2. Print books are better at conveying information. And they have a study, one cited by the Guardian. The source of the cite is enough to make me doubt the veracity of the statement. However, I can say that I know some folks who retain more from e-books while others are the exact opposite. I think it depends on the person and their reading habits.

3. Print books are yours for life. The books you bought in college will still be readable in 50 years. Do you really think that in 10 years your e-reader – or book-reading watch, or virtual reality goggles – will work with today’s e-books? For life or until they fall apart, something they seem to do much sooner than they used to. I have books that are more than 100 years old and have been read by generations of my family. Those books may be a bit battered but they still have their original bindings. Then there are the books printed in the last 10 years or so that seem to fall apart after a short drop to the floor or a simple reading. Yeah, right, a print book will be around for years. As for my e-books. You bet they will work with future tech, at least as long as the books aren’t filled with idiotic DRM. Why? Because I can use programs like Calibre and whatever will follow to convert the original files into something else. I have multiple backups to protect my digital library.

4. Print books are physical reminders of your intellectual journeys. Physical reminders that can’t be carried with you in bulk. My e-books can be loaded onto my phone or tablet or e-book reader — or into the Cloud, onto my PC or whatever — and I can have all of them available no matter where I am.

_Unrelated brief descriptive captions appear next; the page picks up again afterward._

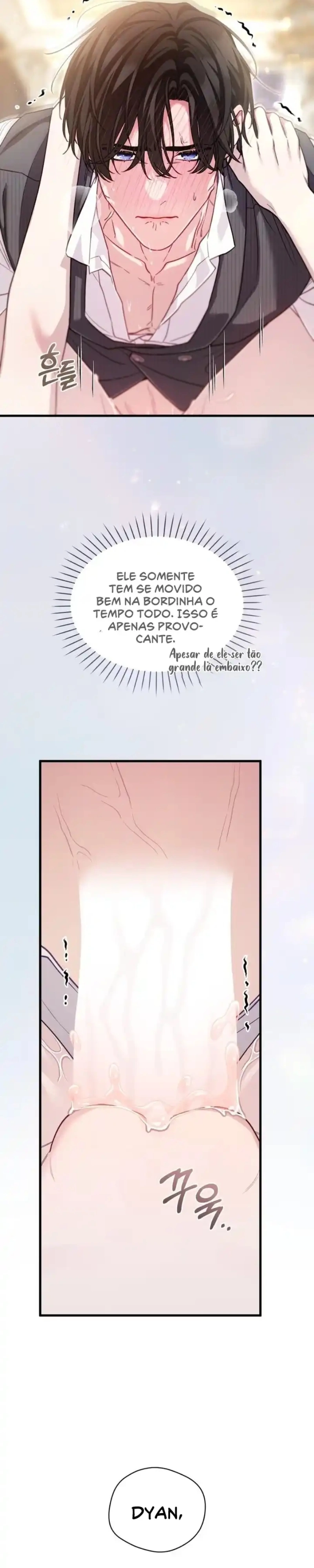 Como Curar o Frágil Amigo de Infância Capítulo 12 Página 18
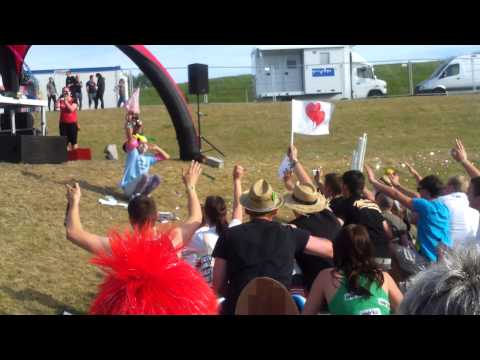 "Synapsenkitzler - Frazy" Der HouseKaspeR  @ Sputnik SpringBreak Festival 2012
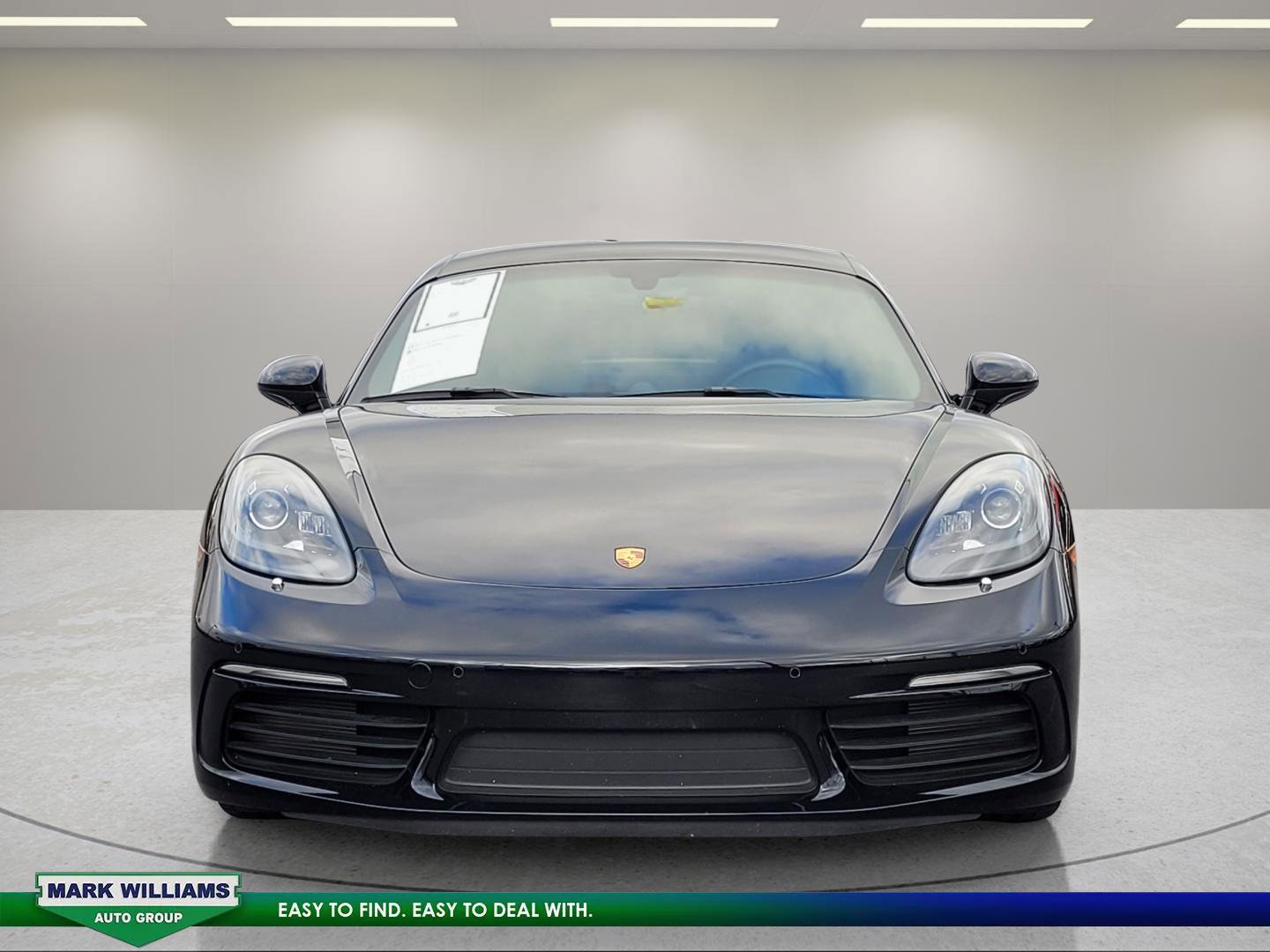 Used 2025 Porsche 718 Cayman image 9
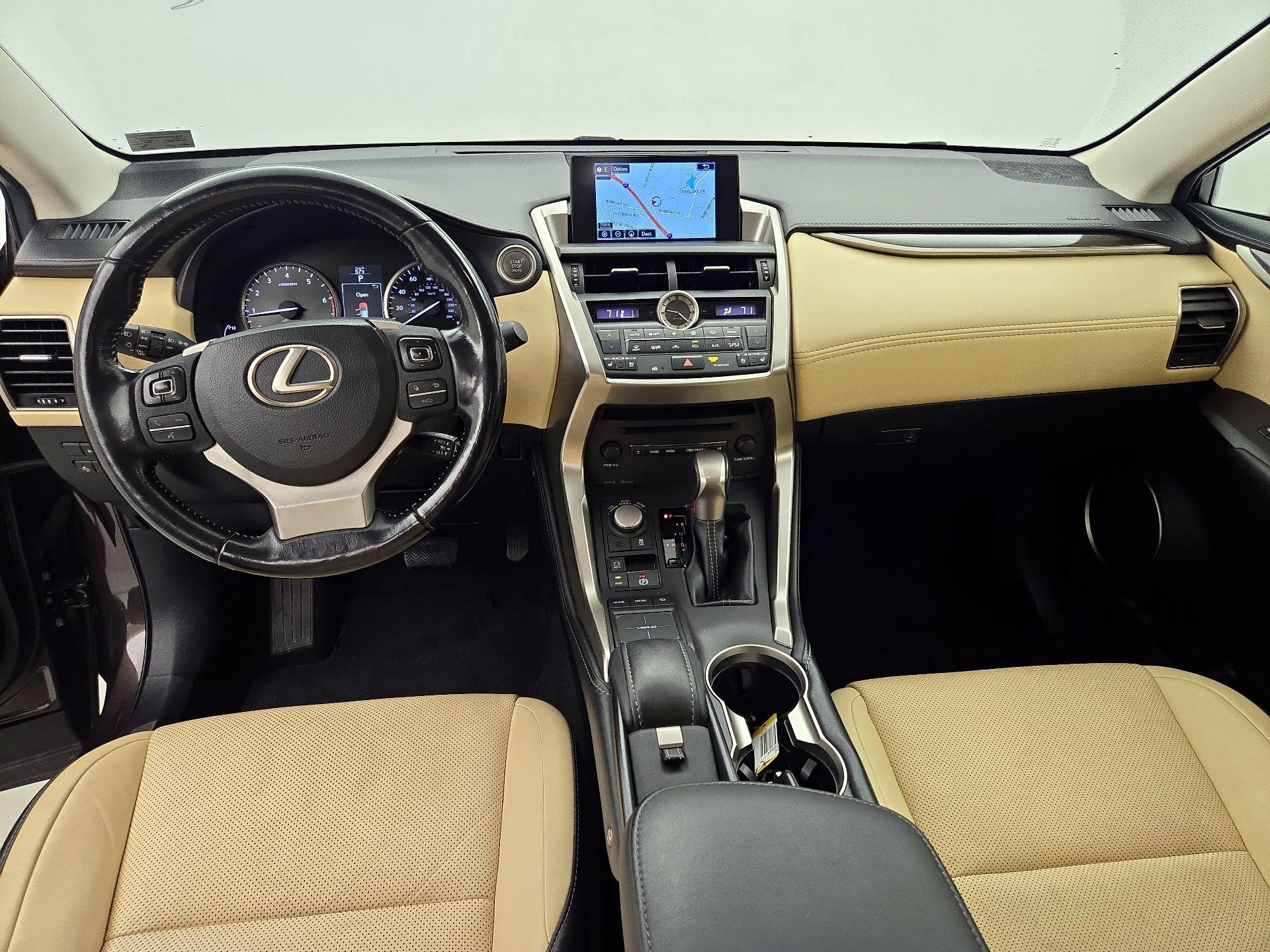 Thumbnail: 2015 Lexus NX - 9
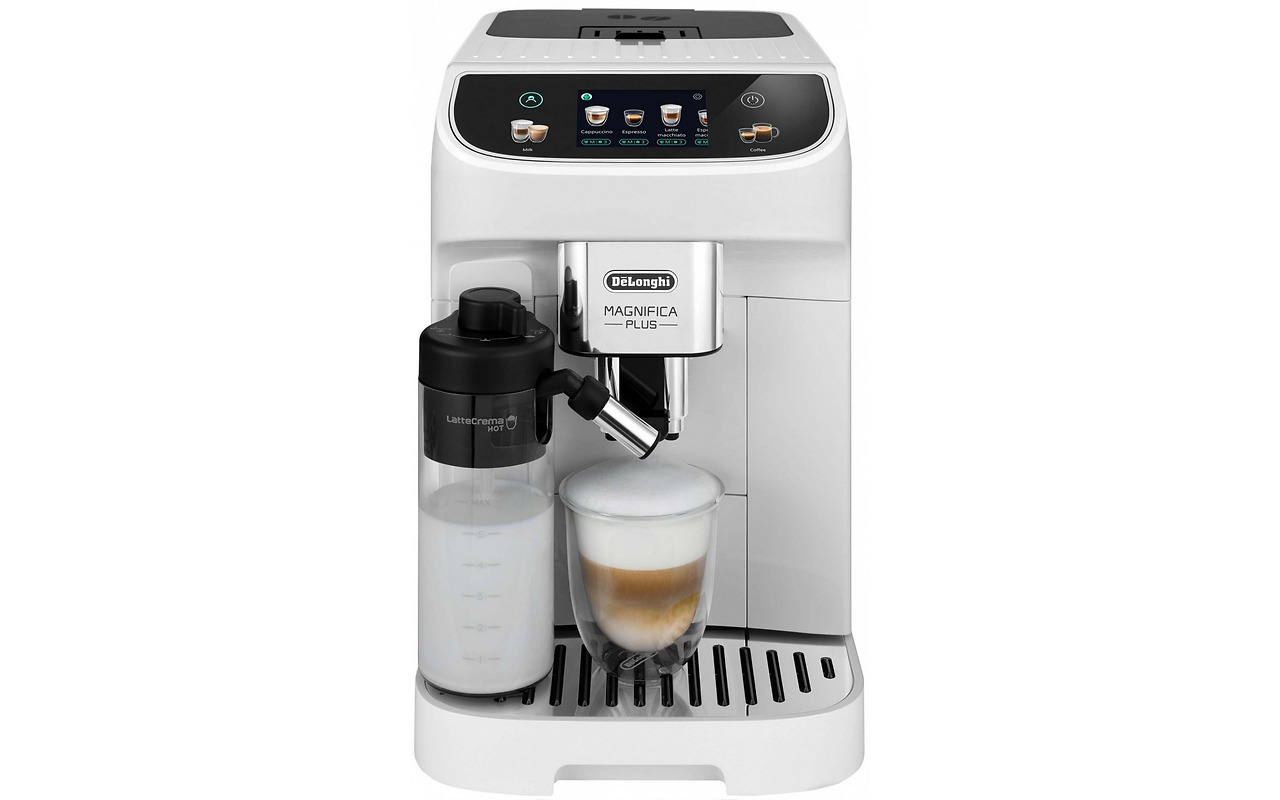 Delonghi ECAM320.60.W Magnifica Plus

5. Print books are great to share. I have to give it to HuffPo here. This is the one way printed books are better than e-books. You can simply hand the book over to your friend or family member and they can read it. Of course, whether they return it or not is another matter. Sharing an w-book isn’t as simple, especially if that e-book comes from a traditional publisher. Many of those e-books aren’t shareable, at least not unless you break the DRM in the book and that is illegal to do in many jurisdictions.

HuffPo goes on to note that it is easier to write in the margins of a printed book, a printed book has a cover so others can see what you are reading and that reading a print book is better for your health. Most of us don’t write in the margins of a printed book, unless it is a research or text book. Not everyone wants everyone and their dog to know what they are reading. As for the health claim, that is a two-edged sword. Yes, doctors tell you to turn off electronic devices at least half an hour before going to bed. But ophthalmologists and retinologists tell their patients that reading from e-ink devices like the Kindle is better for their eyes. Then there is the claim that print books are theft-resistant. After all, how many times do you read a report of a car break-in and see that a book was taken? Can you say “tongue-in-cheek”?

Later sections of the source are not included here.